▸ What the task asks:
After locating the line that contains "Realme GT 8 Pro", restate it and each later line word for word through the end of the records.

▸ Supplied material:
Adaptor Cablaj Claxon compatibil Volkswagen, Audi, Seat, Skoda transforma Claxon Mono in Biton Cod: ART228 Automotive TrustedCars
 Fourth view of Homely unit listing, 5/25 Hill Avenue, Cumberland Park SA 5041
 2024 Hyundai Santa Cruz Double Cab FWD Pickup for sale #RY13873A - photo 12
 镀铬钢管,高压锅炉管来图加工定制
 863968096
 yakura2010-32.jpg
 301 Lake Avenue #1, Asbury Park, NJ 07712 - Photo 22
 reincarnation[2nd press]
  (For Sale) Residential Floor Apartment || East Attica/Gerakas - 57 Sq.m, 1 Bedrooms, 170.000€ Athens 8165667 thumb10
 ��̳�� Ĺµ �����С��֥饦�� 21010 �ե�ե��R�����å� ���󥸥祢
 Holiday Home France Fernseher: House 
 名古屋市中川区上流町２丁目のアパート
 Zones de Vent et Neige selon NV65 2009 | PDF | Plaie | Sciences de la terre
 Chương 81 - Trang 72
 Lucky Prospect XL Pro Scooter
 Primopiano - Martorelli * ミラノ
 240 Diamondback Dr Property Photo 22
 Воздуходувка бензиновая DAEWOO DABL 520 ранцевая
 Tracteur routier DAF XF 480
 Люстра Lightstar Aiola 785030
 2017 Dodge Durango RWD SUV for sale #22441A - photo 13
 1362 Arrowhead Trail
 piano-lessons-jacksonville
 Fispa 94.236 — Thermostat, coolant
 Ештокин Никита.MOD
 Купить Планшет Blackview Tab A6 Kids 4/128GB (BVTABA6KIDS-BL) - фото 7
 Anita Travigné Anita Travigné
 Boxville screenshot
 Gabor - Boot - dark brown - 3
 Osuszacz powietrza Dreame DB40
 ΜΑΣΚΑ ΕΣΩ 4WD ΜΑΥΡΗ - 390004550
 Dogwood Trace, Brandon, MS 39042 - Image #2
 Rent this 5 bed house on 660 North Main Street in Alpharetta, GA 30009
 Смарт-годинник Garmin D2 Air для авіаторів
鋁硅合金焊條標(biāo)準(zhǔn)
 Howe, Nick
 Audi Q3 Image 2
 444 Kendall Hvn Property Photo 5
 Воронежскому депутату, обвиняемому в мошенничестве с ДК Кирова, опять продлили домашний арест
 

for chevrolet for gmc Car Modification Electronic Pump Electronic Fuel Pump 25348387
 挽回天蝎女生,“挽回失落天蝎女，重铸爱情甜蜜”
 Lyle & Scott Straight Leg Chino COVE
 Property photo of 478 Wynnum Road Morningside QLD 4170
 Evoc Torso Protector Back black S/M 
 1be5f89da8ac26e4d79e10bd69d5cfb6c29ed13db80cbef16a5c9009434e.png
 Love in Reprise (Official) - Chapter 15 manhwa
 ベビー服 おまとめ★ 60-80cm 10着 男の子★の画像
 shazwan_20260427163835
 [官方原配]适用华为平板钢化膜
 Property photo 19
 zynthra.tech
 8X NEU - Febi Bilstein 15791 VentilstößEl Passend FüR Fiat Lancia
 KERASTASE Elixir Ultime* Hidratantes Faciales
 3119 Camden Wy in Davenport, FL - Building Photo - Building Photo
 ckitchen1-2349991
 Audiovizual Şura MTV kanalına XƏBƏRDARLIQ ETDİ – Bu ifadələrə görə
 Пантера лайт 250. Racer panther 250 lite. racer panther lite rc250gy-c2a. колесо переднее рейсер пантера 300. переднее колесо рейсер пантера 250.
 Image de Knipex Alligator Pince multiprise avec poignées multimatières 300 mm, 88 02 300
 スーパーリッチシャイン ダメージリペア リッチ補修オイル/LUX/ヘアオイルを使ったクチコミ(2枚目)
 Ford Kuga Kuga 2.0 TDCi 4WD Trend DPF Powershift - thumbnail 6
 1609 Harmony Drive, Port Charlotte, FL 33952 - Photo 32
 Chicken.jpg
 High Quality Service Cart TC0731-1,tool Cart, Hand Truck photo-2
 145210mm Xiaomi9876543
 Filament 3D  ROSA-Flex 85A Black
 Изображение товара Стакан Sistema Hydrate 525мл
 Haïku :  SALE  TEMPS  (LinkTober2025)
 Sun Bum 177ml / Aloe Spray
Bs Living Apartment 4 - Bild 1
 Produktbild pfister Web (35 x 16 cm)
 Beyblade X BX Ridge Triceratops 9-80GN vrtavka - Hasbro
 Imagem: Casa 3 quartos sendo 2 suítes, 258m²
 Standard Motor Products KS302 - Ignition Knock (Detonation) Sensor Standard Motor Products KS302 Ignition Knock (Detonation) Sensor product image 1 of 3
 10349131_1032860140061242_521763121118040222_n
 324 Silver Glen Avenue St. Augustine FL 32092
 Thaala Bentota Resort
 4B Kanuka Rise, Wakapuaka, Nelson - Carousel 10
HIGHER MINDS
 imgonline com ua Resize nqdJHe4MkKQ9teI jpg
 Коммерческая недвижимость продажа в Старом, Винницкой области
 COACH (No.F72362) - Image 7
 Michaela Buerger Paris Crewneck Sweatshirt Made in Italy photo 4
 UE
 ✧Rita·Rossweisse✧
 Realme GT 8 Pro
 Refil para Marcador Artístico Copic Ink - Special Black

▸ Response for this exercise:
 Realme GT 8 Pro
 Refil para Marcador Artístico Copic Ink - Special Black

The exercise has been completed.